There were no signs of people—not at first. There was just the oddly silent copse, deeply carpeted with needles from the twisted trees. They moved slowly, cautiously, uncertain of what might be just ahead, just out of sight. When Pathik stopped, Rachel, who had been checking behind them, ran right into him.
“Your trekking skills still need some work.” Pathik grinned.
“I can’t help it if you decide to stop for no reason, with no warning.” Rachel didn’t feel as irritated as she sometimes did with Pathik; the fact that she could have lost him last night in the sea was still with her. She didn’t know if she could ever forget his cold, lifeless body on the beach, how frantic she’d felt when she realized he wasn’t breathing.
They kept walking, stopping now and then to let Pathik sniff, listening carefully for any sounds that might betray someone’s—or some
thing’s
—approach. Rachel couldn’t see anything but the twisted trees ahead. When she looked behind them again, she couldn’t see the beach anymore. They’d gone further than they planned. She was just about to say something to Pathik when he stopped, held his hand up without looking back at her.

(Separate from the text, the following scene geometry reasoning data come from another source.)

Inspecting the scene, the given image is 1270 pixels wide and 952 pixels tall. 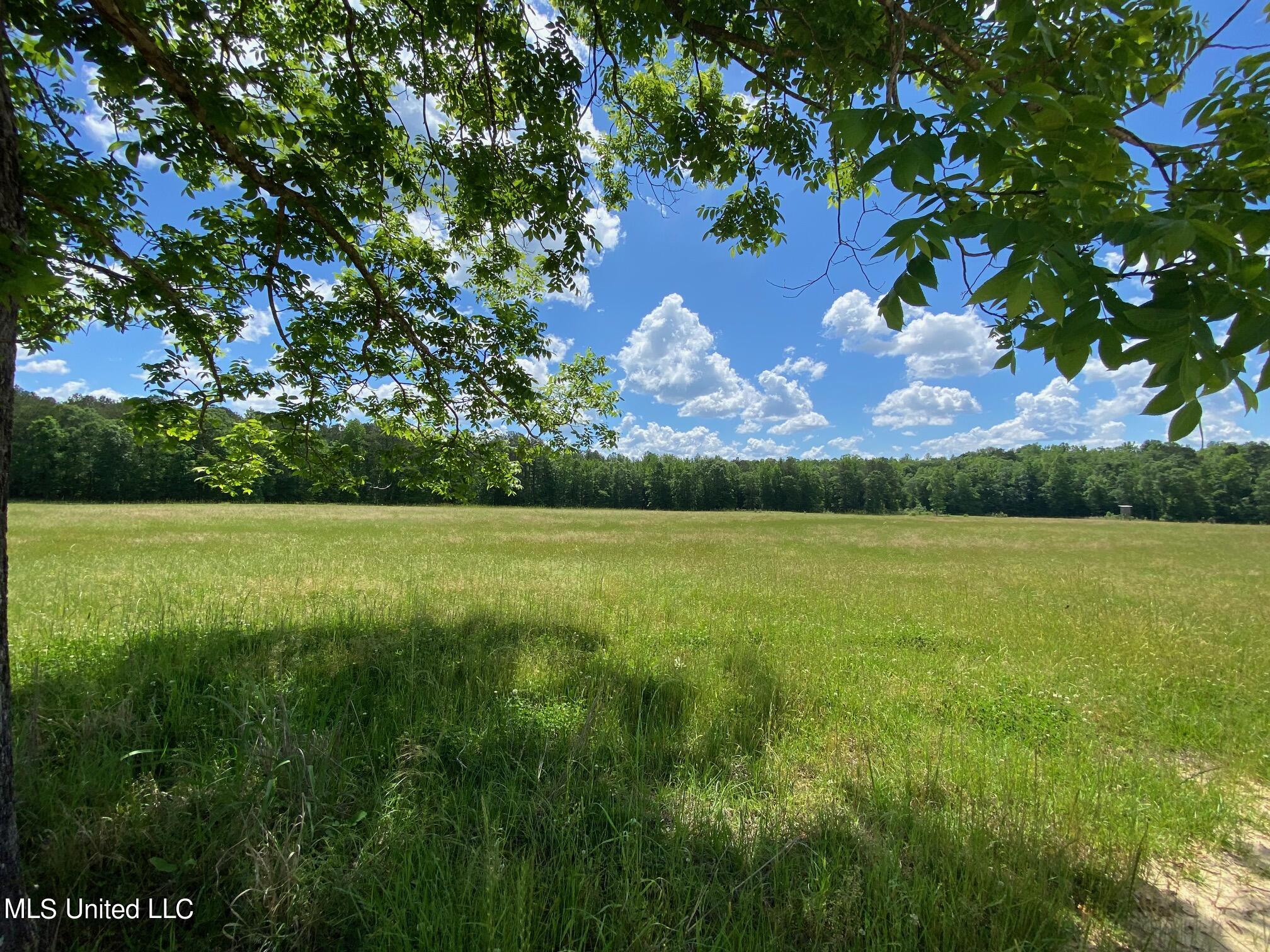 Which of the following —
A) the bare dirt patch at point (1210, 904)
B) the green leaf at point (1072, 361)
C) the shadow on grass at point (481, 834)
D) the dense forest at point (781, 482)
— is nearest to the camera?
the green leaf at point (1072, 361)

She stopped too, and waited, silent. But when he said nothing, she walked up to his side. He was looking ahead, down at the ground.
“What—” Rachel stopped talking when she saw what Pathik was staring at.
It was definitely blood. Blood on a path—a
manmade
path—of flat stones. The needles had been cleared here and the stones were set into the sand.
Rachel and Pathik stood studying the stain. It was fresh, but it had begun to dry in the morning sun, leaving a burnt brown glaze on the flat stones that formed the path.
“Seems like a lot,” said Pathik.
Rachel nodded. Then she noticed something along the edge of the blood stain—something that made her feel sick. “Look, Pathik.”
It was a smudged foot print—a
paw
print. Rachel hoped she was wrong, but Pathik’s whisper confirmed her fears.
“Nipper.” Woolly prints were unique enough that Pathik had no doubts.
Rachel heard the pain in his voice and knew he was thinking of Nandy. When they agreed to seek refuge on Salishan, the hardest part for Nandy had been leaving Nipper behind. She’d raised the Woolly from a cub and grown to love him, but she knew the journey would be dangerous. Nipper had other ideas, though. He’d made his own decision on the day they left Away, by hopping into the boat they would use to get to the island and refusing to get out.